▶ _Records to use_
——

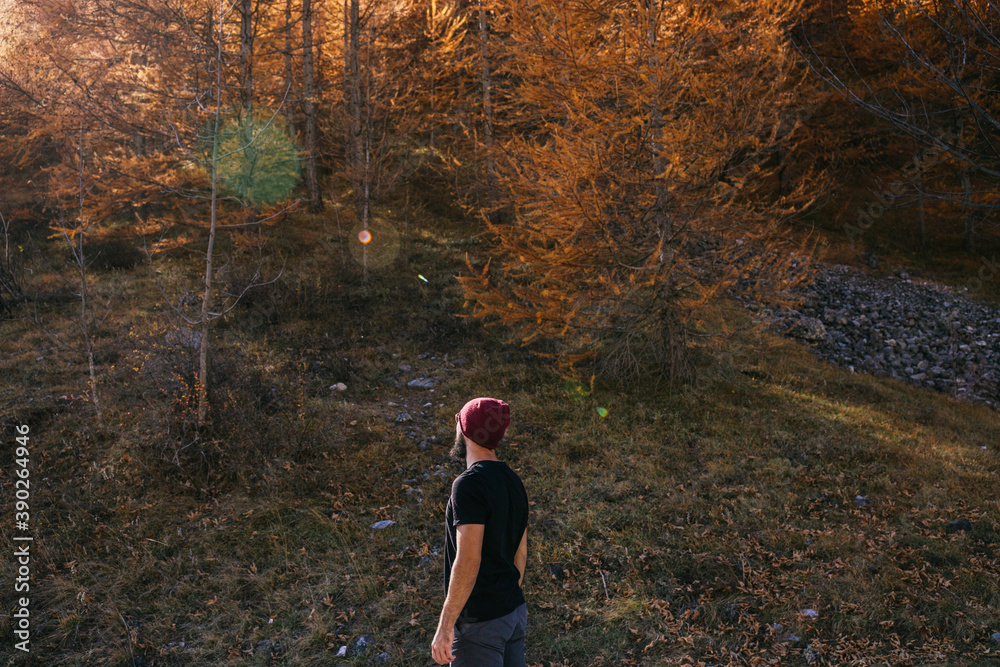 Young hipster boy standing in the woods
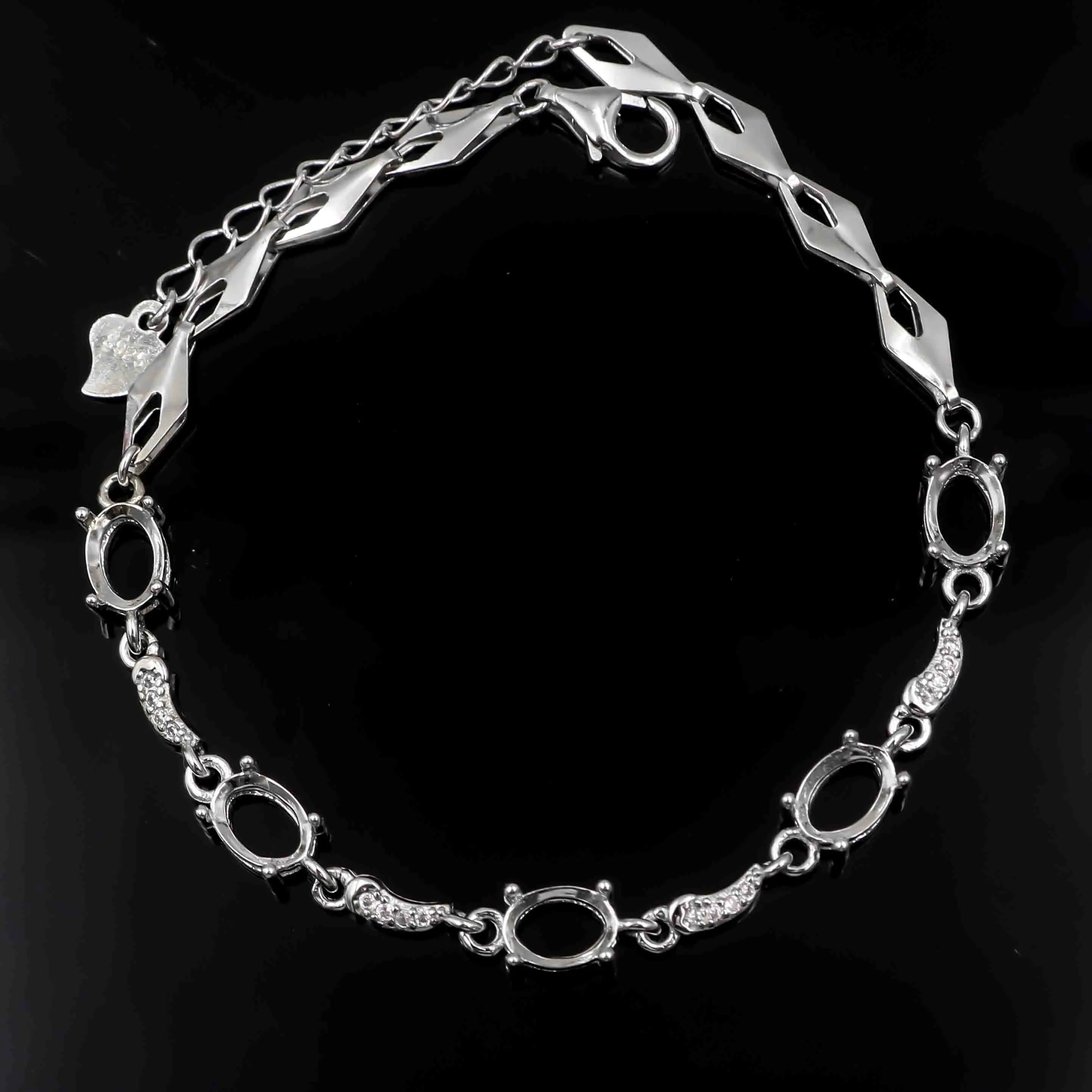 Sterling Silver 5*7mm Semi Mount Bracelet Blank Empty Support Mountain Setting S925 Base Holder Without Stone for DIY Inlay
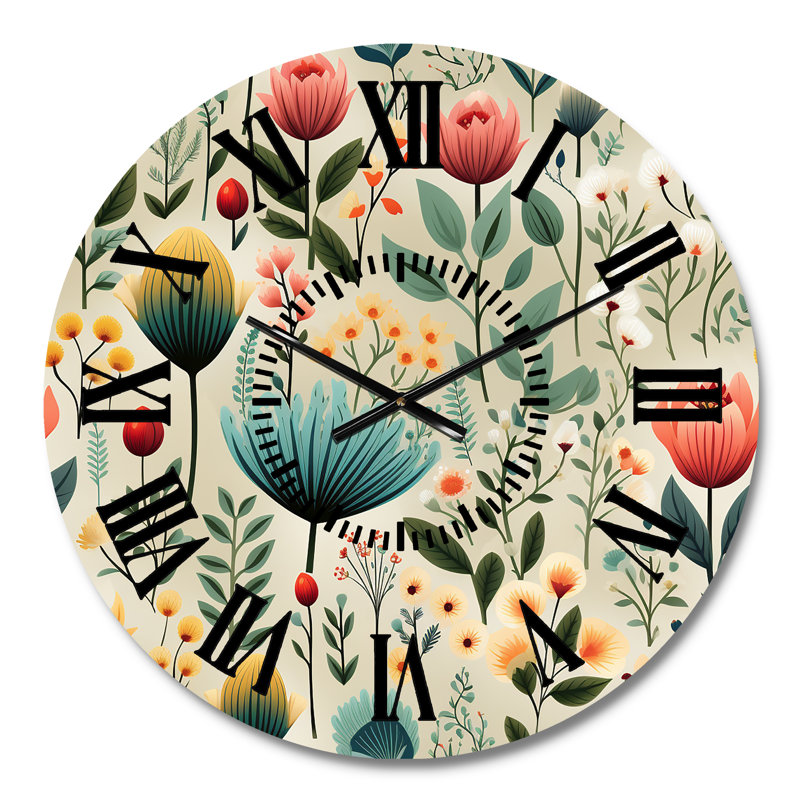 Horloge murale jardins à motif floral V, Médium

——

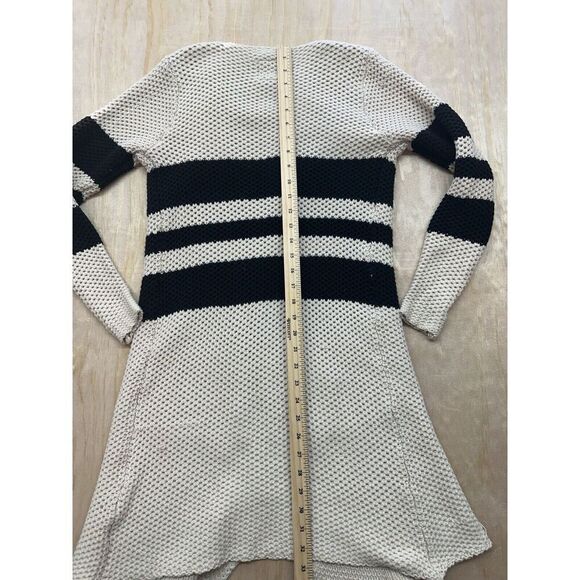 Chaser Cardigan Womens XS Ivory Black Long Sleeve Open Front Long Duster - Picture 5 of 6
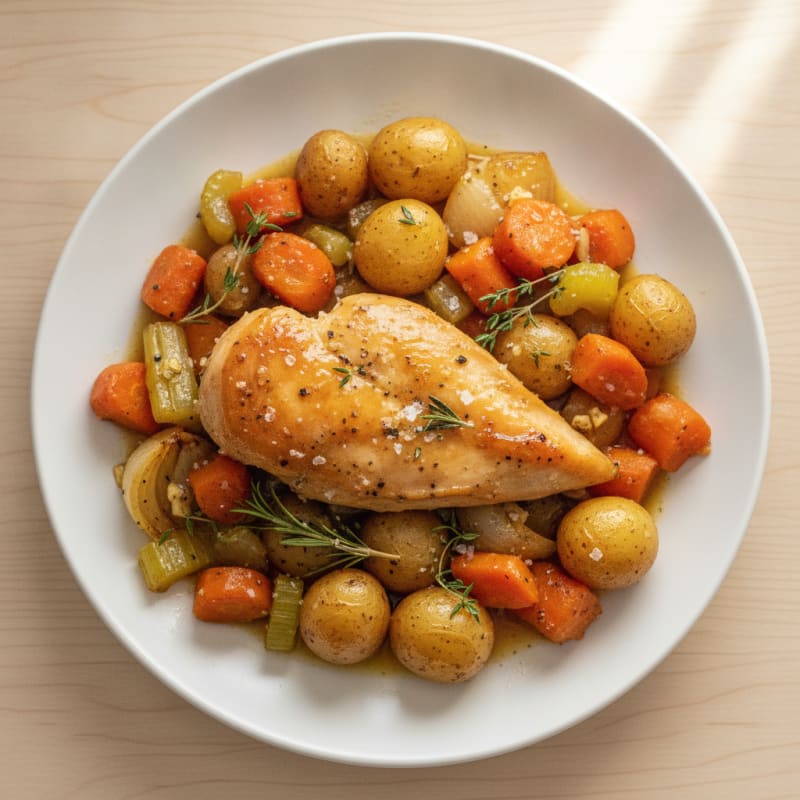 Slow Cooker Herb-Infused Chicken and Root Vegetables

——

▶ _Exercise brief_
Extract from the material above the stretch running from the line containing "Young hipster boy standing in the woods" through the line containing "Horloge murale jardins". Keep the text exact and the pictures out.

▶ _Solved problem_
 Young hipster boy standing in the woods
 Sterling Silver 5*7mm Semi Mount Bracelet Blank Empty Support Mountain Setting S925 Base Holder Without Stone for DIY Inlay
 Horloge murale jardins à motif floral V, Médium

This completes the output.